◆ **To do**: Nothing outside the range is to be copied. From the entries below, reproduce exactly the lines starting at the one with "يزنق صاحبته في" and ending at the one with "New Era Мужская", without pictures.

◆ **Input**:

########

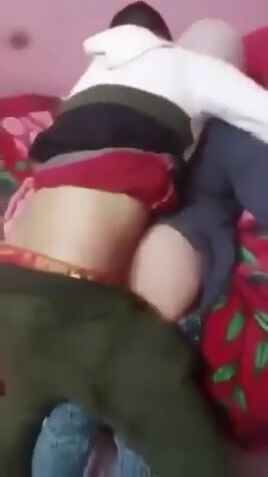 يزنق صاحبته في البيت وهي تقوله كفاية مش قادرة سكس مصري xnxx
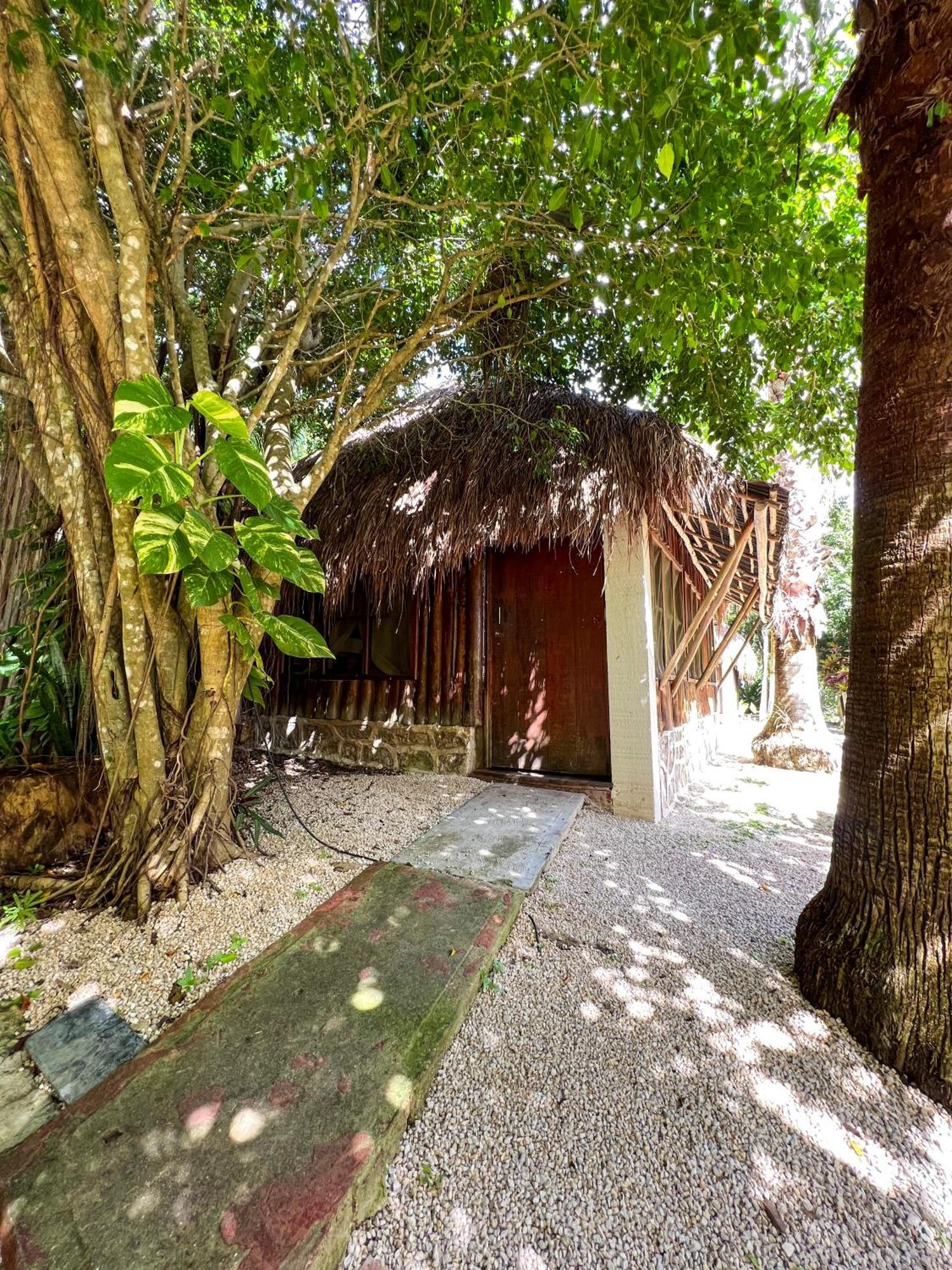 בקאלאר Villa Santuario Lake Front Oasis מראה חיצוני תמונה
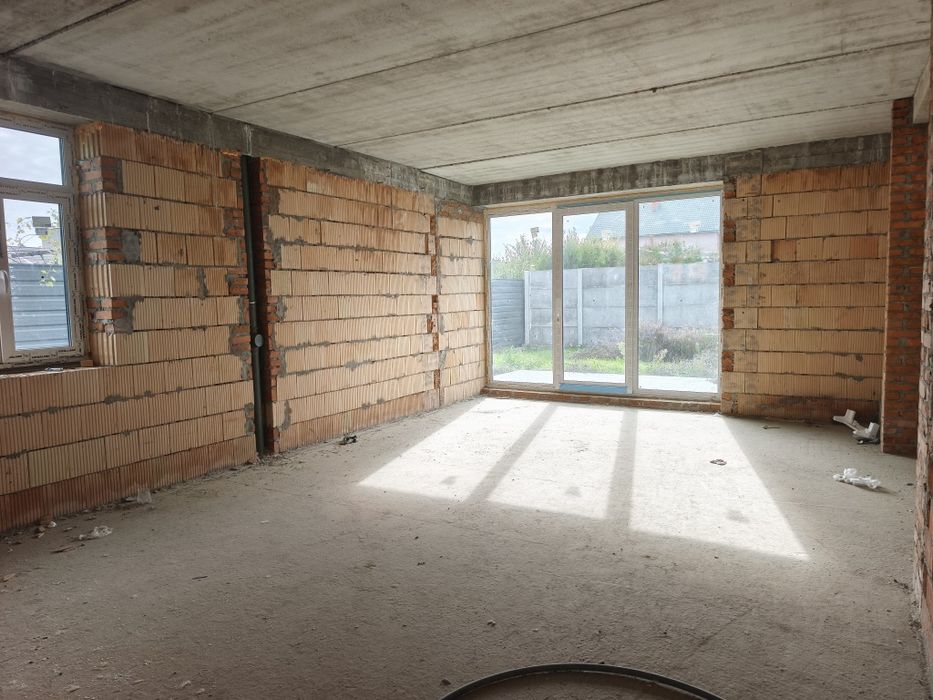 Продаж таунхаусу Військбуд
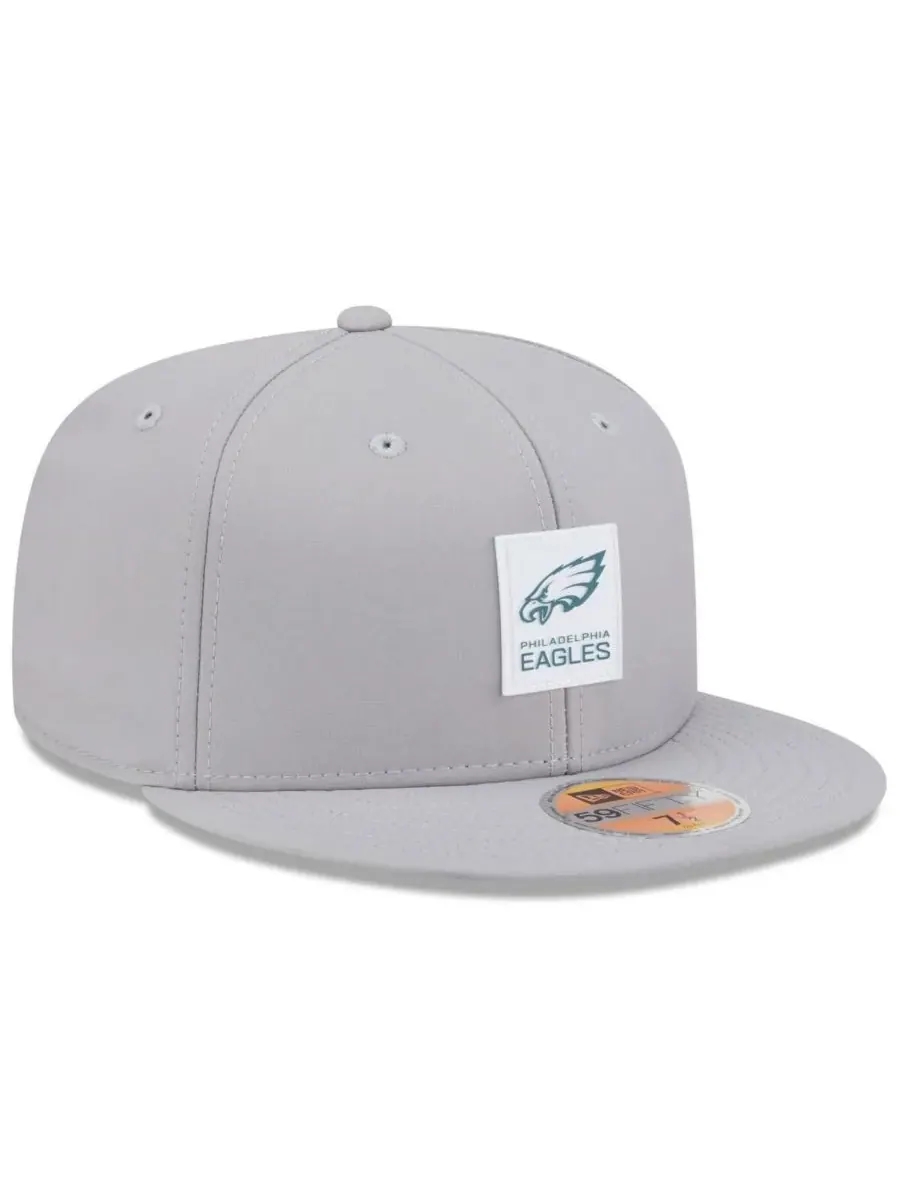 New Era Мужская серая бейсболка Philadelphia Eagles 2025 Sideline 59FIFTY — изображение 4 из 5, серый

########

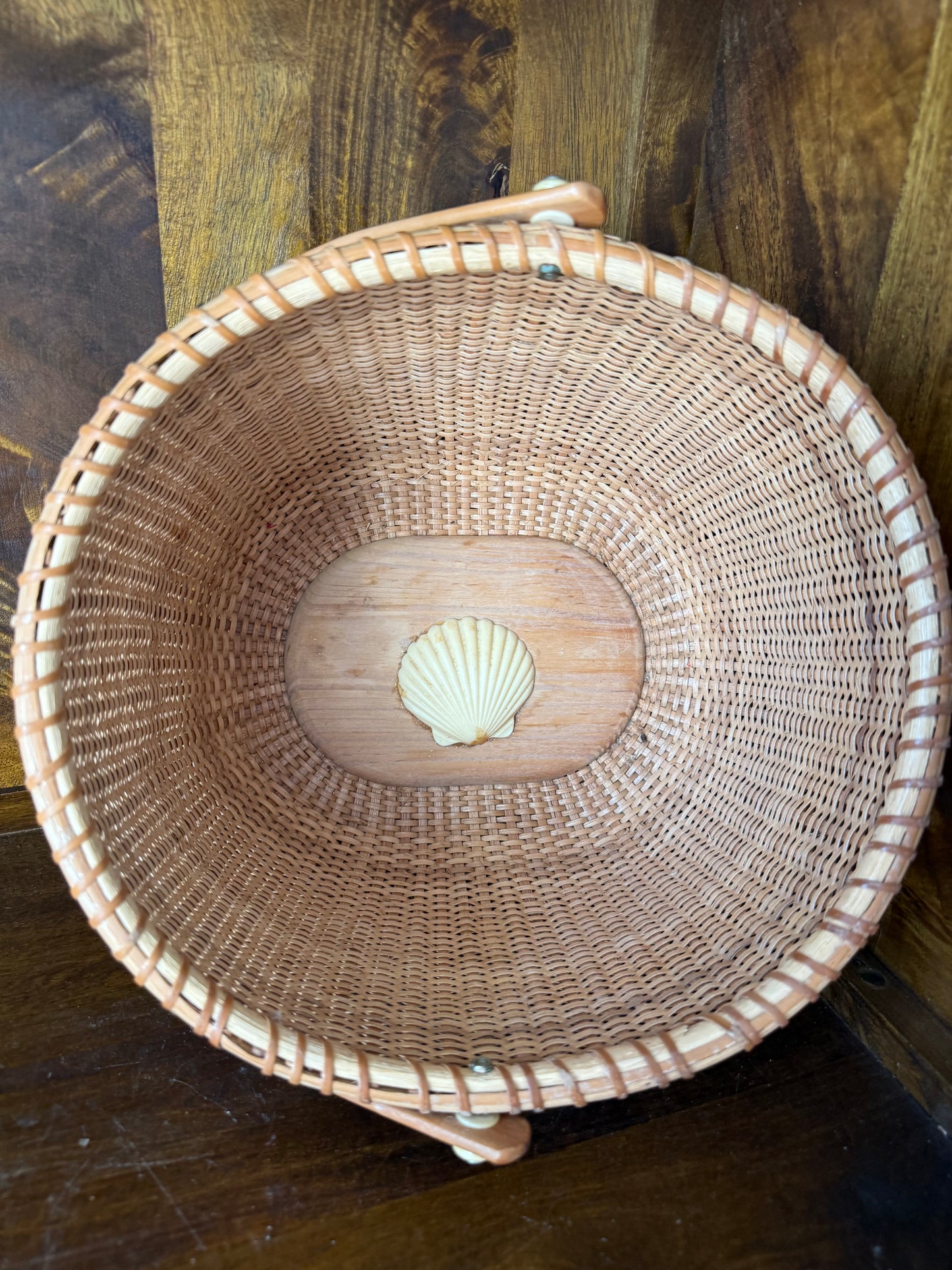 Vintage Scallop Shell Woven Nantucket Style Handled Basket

########

◆ **Exercise response**:
 يزنق صاحبته في البيت وهي تقوله كفاية مش قادرة سكس مصري xnxx
 בקאלאר Villa Santuario Lake Front Oasis מראה חיצוני תמונה
 Продаж таунхаусу Військбуд
 New Era Мужская серая бейсболка Philadelphia Eagles 2025 Sideline 59FIFTY — изображение 4 из 5, серый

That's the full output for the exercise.